Thereafter, the wiping web 110 is wound back onto the winding core
110A as necessary, thereby eliminating slack in the wiping web 110,
and the lid 128 of the case 112 is then closed.
<<Setting in Rack>>
[0181] Next, the wiping unit 100 in which the wiping web 110 has
been installed in set in the rack 102.
[0182] The wiping unit 100 is set in the rack 102 by vertically
inserting the wiping unit 100 into the installation section 104
formed in the rack 102.
[0183] When the wiping unit 100 has been set in the installation
section 104 of the rack 102, as shown in FIG. 17B, the idle gear
188 of the wiping unit 100 meshes with the drive gear 192 arranged
on the installation section 72, and thus becomes rotatably drivable
by the motor 194, which is coupled to the drive gear 192.

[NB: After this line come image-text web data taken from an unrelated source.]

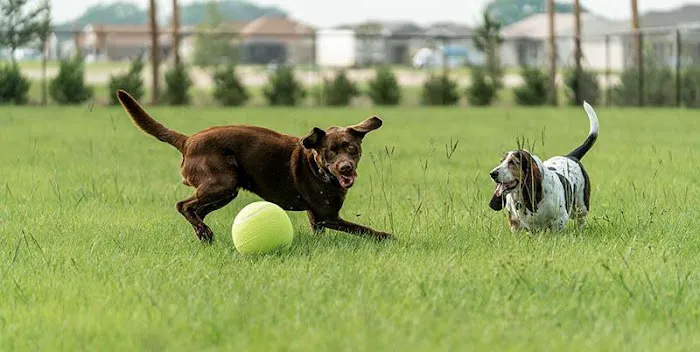 Lowry Dog Park 4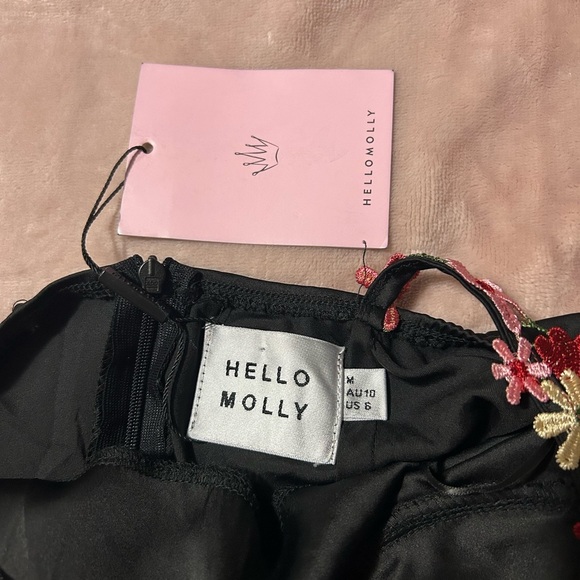 NWT Hello Molly Blooming Confidence Slip Dress with Floral details. Size M. - Picture 5 of 13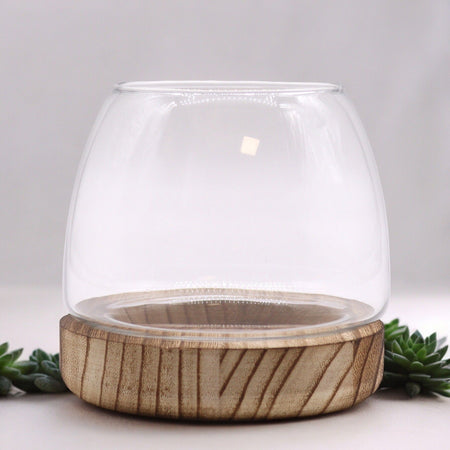 Small Terrarium on Natural Tung Wood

[0184] Furthermore, when the wiping unit 100 is set in the
installation section 104 of the rack 102, the elevator lever 178
arranged on the elevator stage 170 engages with the pin 182
arranged on the installation section 104, and the elevator stage
170 is forcibly raised up to the prescribed position. Thereby, the
first front-stage guide 160, the pressing roller 118 and the first
rear-stage guide 164 are registered in the prescribed use position.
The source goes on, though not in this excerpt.